Aim of the task =>
Once the pictures are set aside, repeat all of the data below exactly.

(Source data)

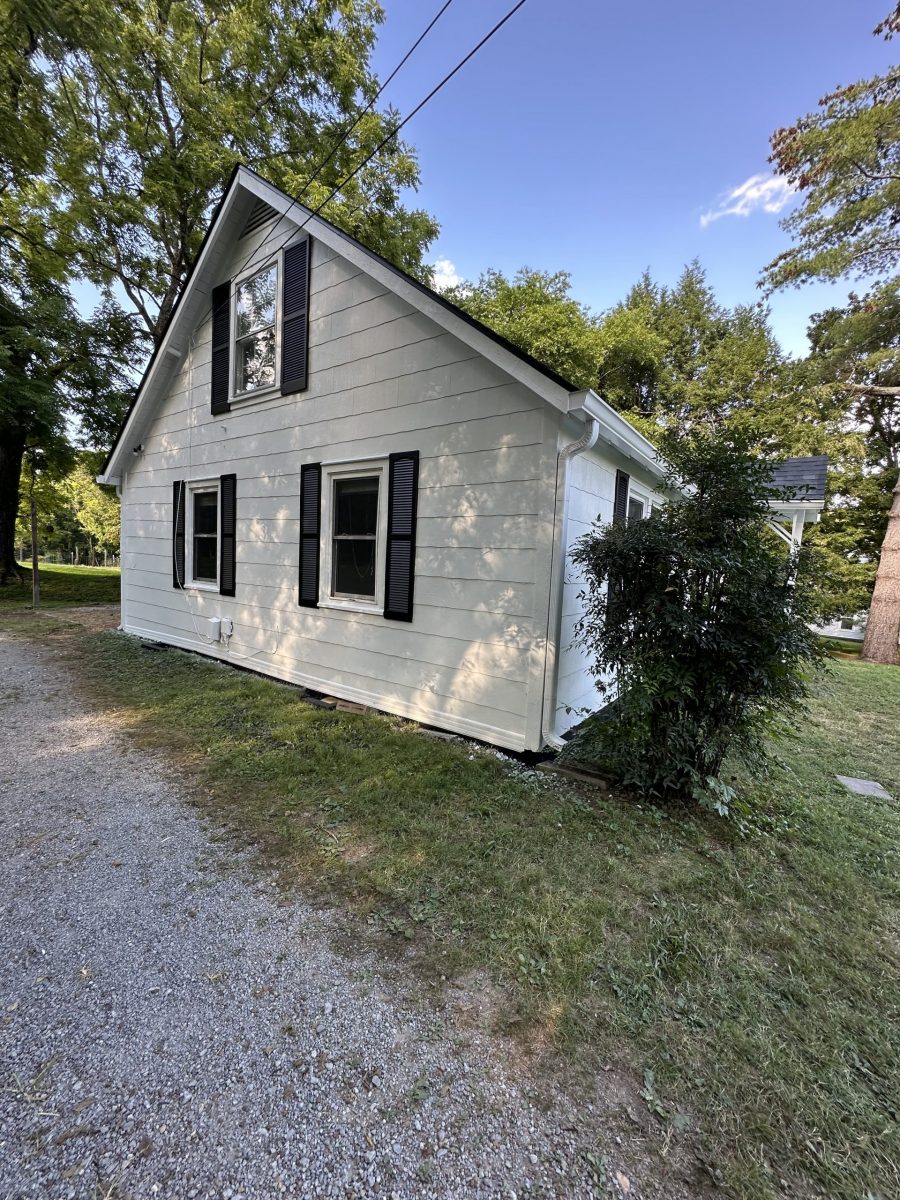 side of house with white siding and black shutters Preview Image 1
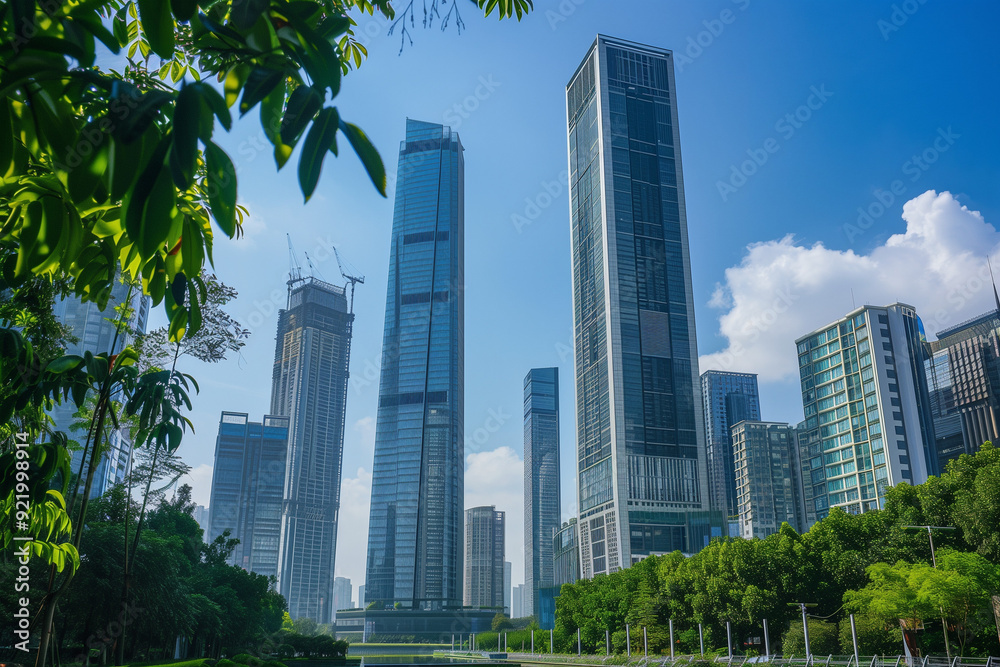 Skyscrapers Viewed from Below with Blue Sky and White Clouds Skyscrapers Viewed from Below with Blue Sky and White Clouds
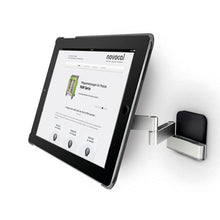 Eine Novocal Tablethalterung Variante 1 (für Tablets 7-12 Zoll, schwenkbar bis 180°) ist an einer silbernen Wandhalterung mit Schwenkarm montiert; auf dem Tablet ist eine Website mit "novocal" als Überschrift zu sehen.
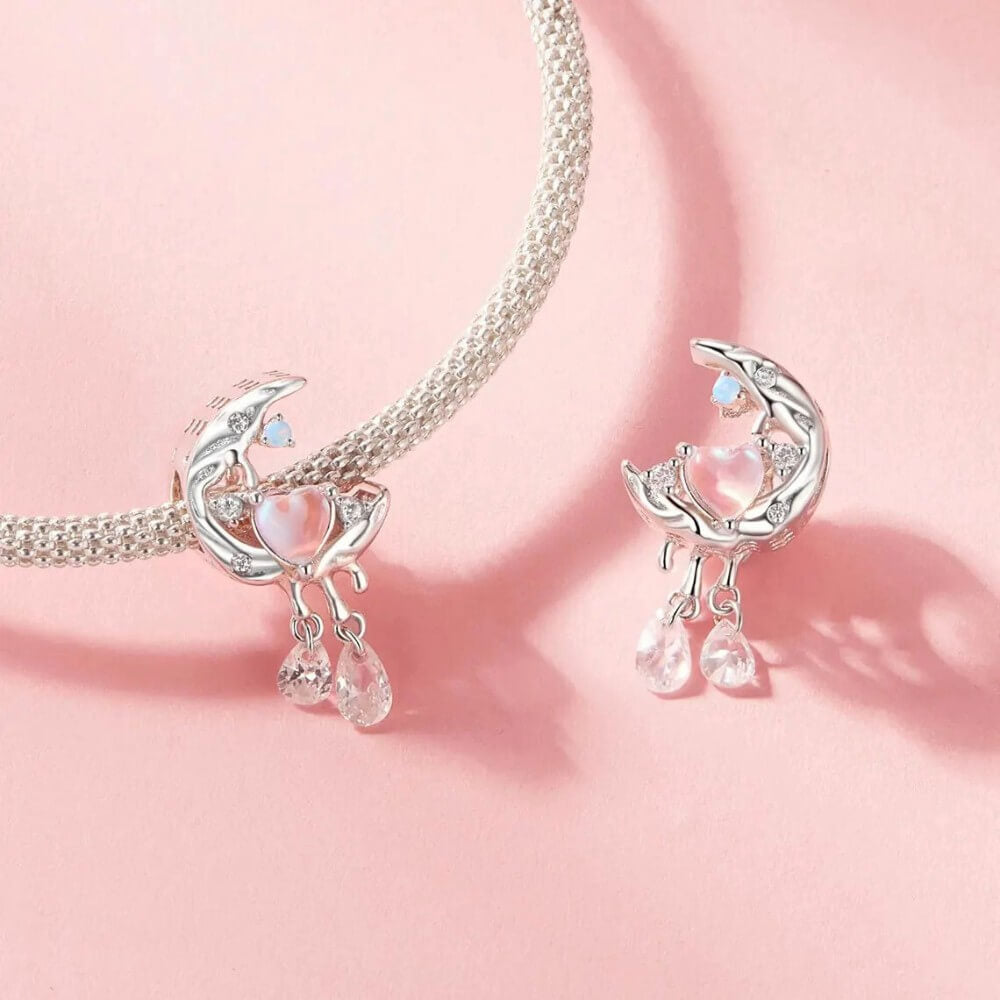 Sterling silver crescent moon charm with opal heart, clear gemstones, and dangling crystals.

(End Source data)

Solution to the exercise =>
 side of house with white siding and black shutters Preview Image 1
 Skyscrapers Viewed from Below with Blue Sky and White Clouds Skyscrapers Viewed from Below with Blue Sky and White Clouds
 Eine Novocal Tablethalterung Variante 1 (für Tablets 7-12 Zoll, schwenkbar bis 180°) ist an einer silbernen Wandhalterung mit Schwenkarm montiert; auf dem Tablet ist eine Website mit "novocal" als Überschrift zu sehen.
 Sterling silver crescent moon charm with opal heart, clear gemstones, and dangling crystals.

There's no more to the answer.